空っ風から逃げるように待ち合わせのビルに駆け込むと、原辰徳氏と菅野隆志氏が待っていた。
原氏は言わずと知れた巨人の監督、そして菅野氏は巨人のエース菅野智之の父である。東海大相模高野球部で筆者より1年先輩である原氏と、3年後輩の菅野氏との野球談議は、オフの帰国で最も楽しみにしていることだ。
そんな「プチOB会」に、今年は1人の顔馴染みが招かれていた。黒のスーツに身を包み「読売巨人軍 国際部・統括部」と記された名刺を差し出したのは、アントニー鈴木(40)だった。
通訳として2005年にパドレスで、2006年から昨年までマリナーズで、米国で計14年の研鑽を積んだアントニーに原氏が電話を入れたのは、昨秋に3度目の監督就任を公にした直後だった。原氏は将来を見据えたチーム作りの一翼を担える人物として、アントニーを球団に推薦している。
原が高校球児だった頃からの縁。
原氏とアントニーの縁は、原氏が高校球児だった頃まで遡る。原氏は高校3年の夏の甲子園大会終了後、全日本選抜チームの主軸選手として米国遠征に参加。親善試合でハワイを訪れた際、ワイキキのホテルでギフトショップを営んでいたアントニーの父・淳氏と出会う。以来、巨人軍の優勝旅行やプライベート旅行の度に鈴木家と親交を深めてきた。

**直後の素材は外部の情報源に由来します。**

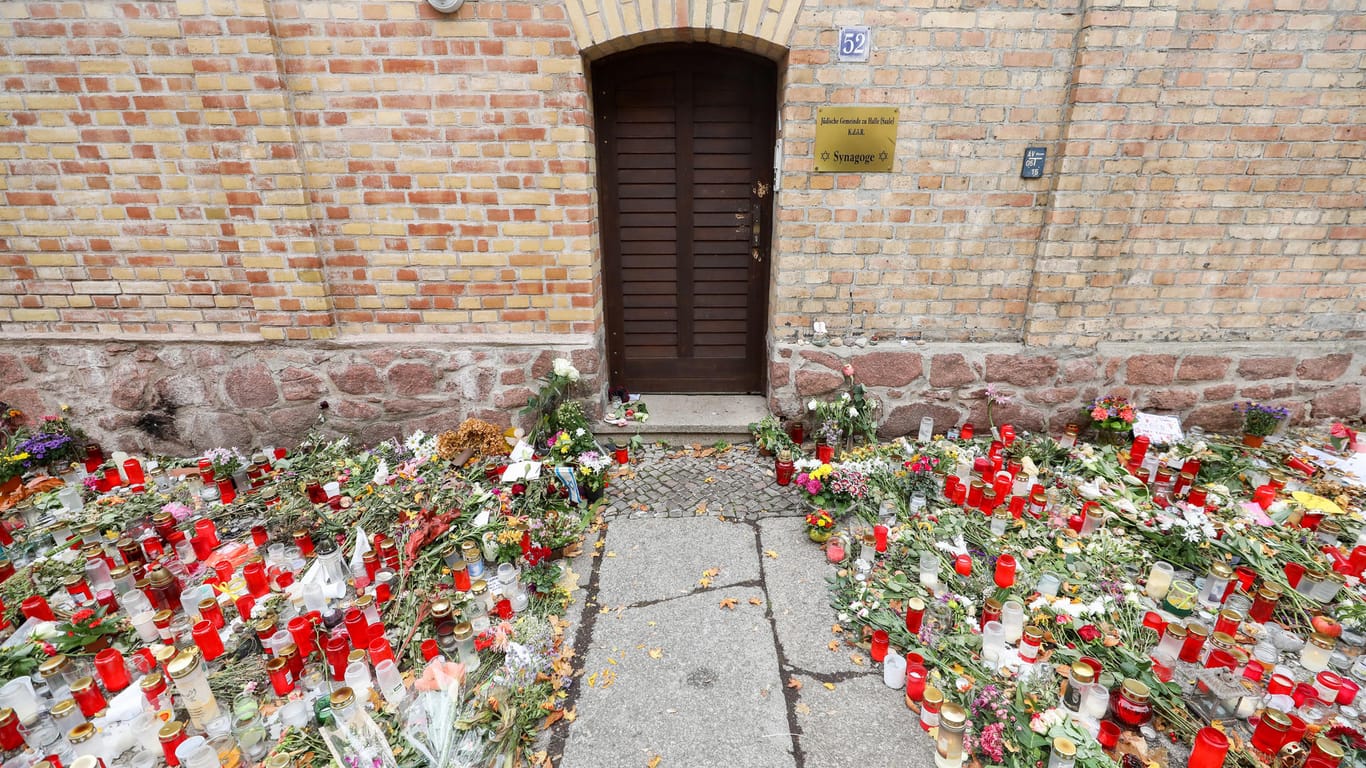 Die Tür der Synagoge in Halle: Hier fuhren noch kurz vor der Tat Polizisten vorbei und sahen den Täter – wenig später fielen die ersten Schüsse (Archivbild).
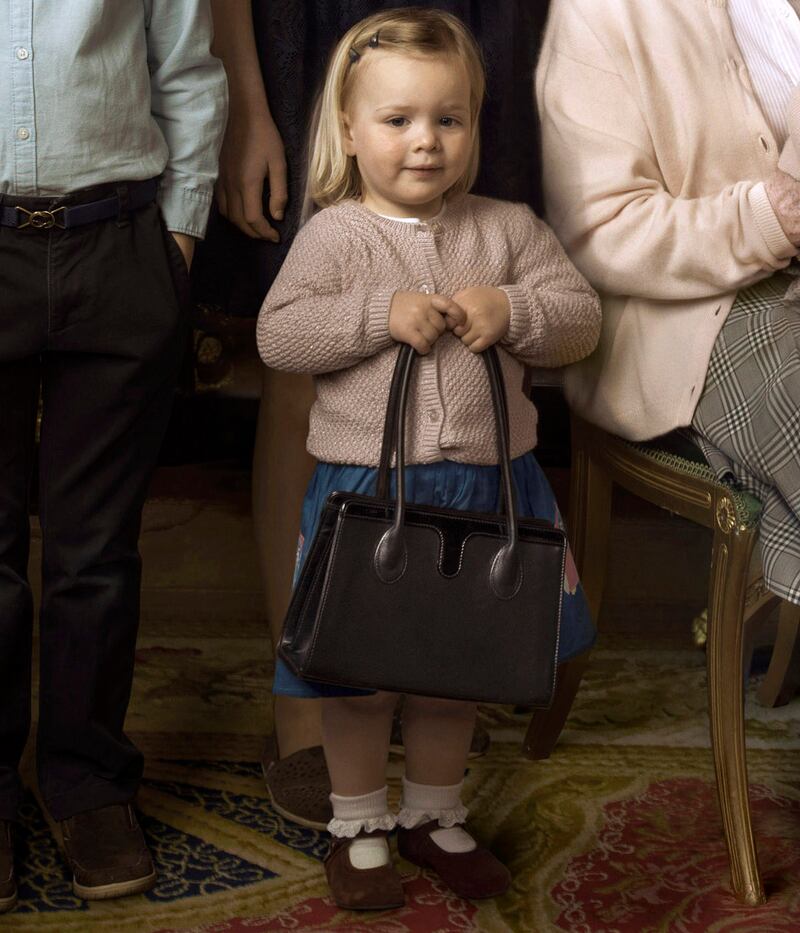 articles/2016/04/21/princess-charlotte-cuddles-up-on-the-queen-s-lap-in-stunning-new-90th-birthday-photo/mia-bag_ktpjtj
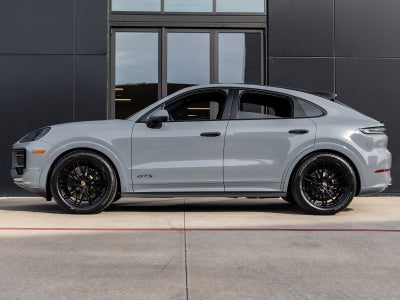 2026 Porsche Cayenne Coupe Cayenne GTS Coupe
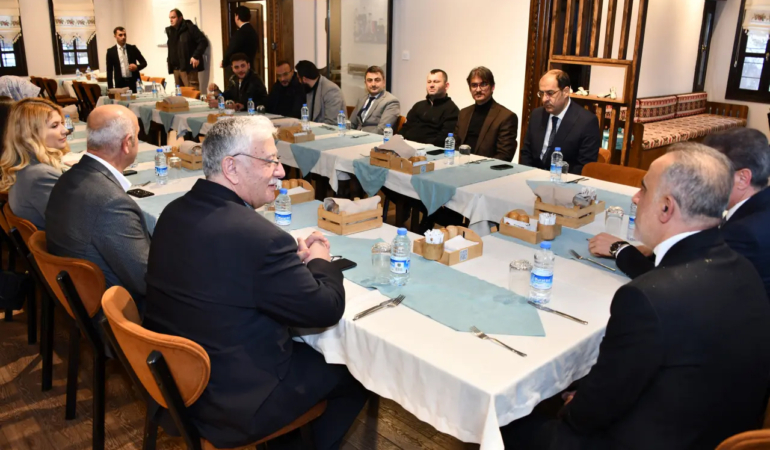 Vali Baruş: Yerel Basın Kamu Yönetiminin Körleşmesini Engelliyor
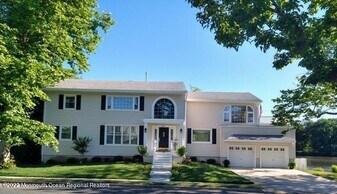 400 Ocean Rd in Spring Lake, NJ - Building Photo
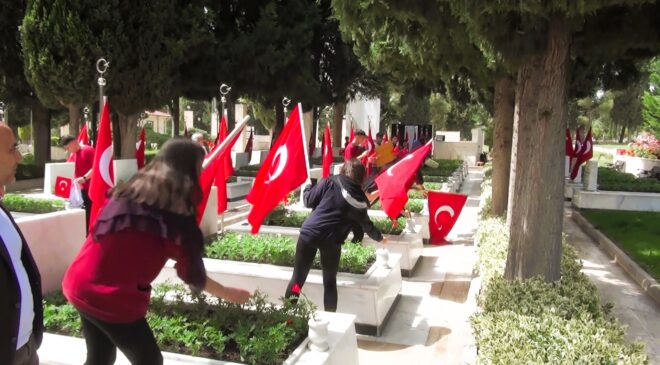 VATAN İÇİN CANINI VEREN ŞEHİTLERE ANLAMLI ZİYARET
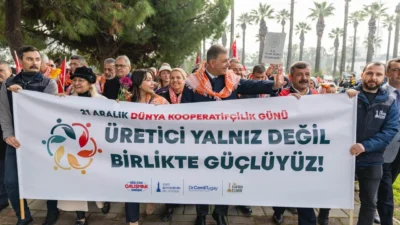 Prof. Dr. Yusuf Kurucu’dan çarpıcı uyarı: "Kırsalda genç kalmadı, kuraklık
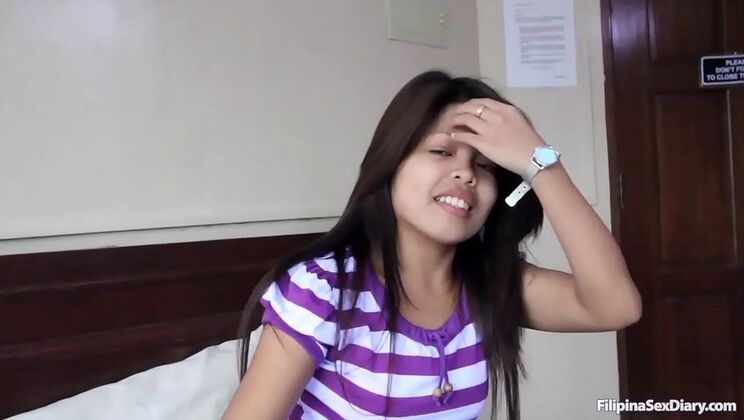 Big Booty Asian Girl Takes Huge Cock and Creamy Creampie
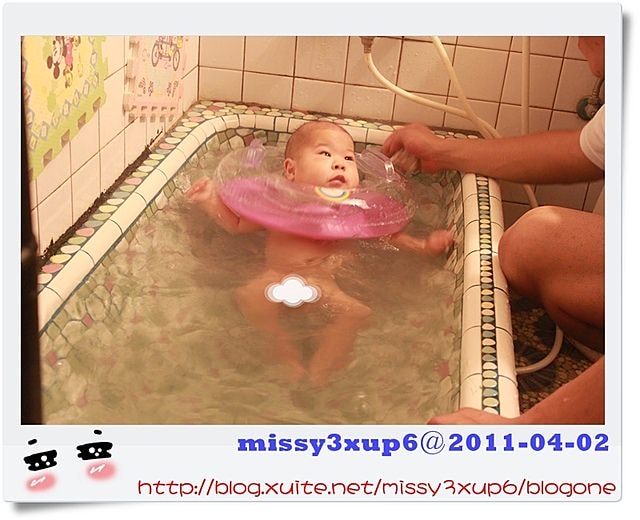 【愷愷】4m23d首次游泳之超快樂體驗 - 第4張圖 【愷愷】4m23d首次游泳之超快樂體驗
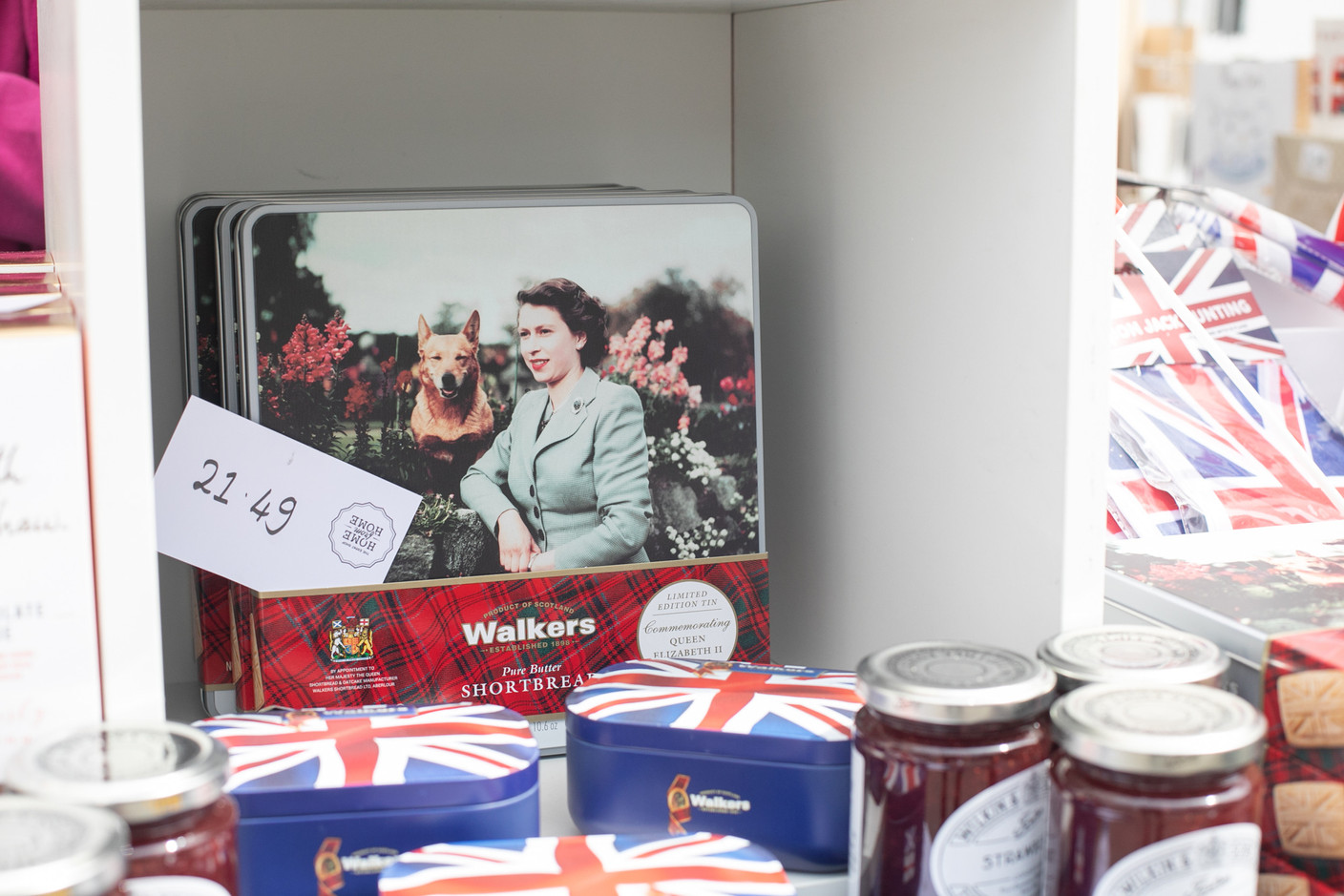 British souvenirs on display during the screening of the coronation of King Charles III and Queen Camilla. Photo: Matic Zorman / Maison Moderne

巨人入団1年目の1981年オフ、原氏は日本一の優勝旅行でハワイを訪れた際にある物をアントニーにプレゼントしている。その時、彼は3歳だった。
「当時、日本で流行っていたファミコンをプレゼントして頂きました。(原氏が)僕を抱いたツーショットの写真と一緒に、今も大切に保管しています」とアントニー。
時は経ち、2人は2009年の第2回WBCで侍ジャパンの監督とスタッフの1人として、ともに世界一を目指すことになる。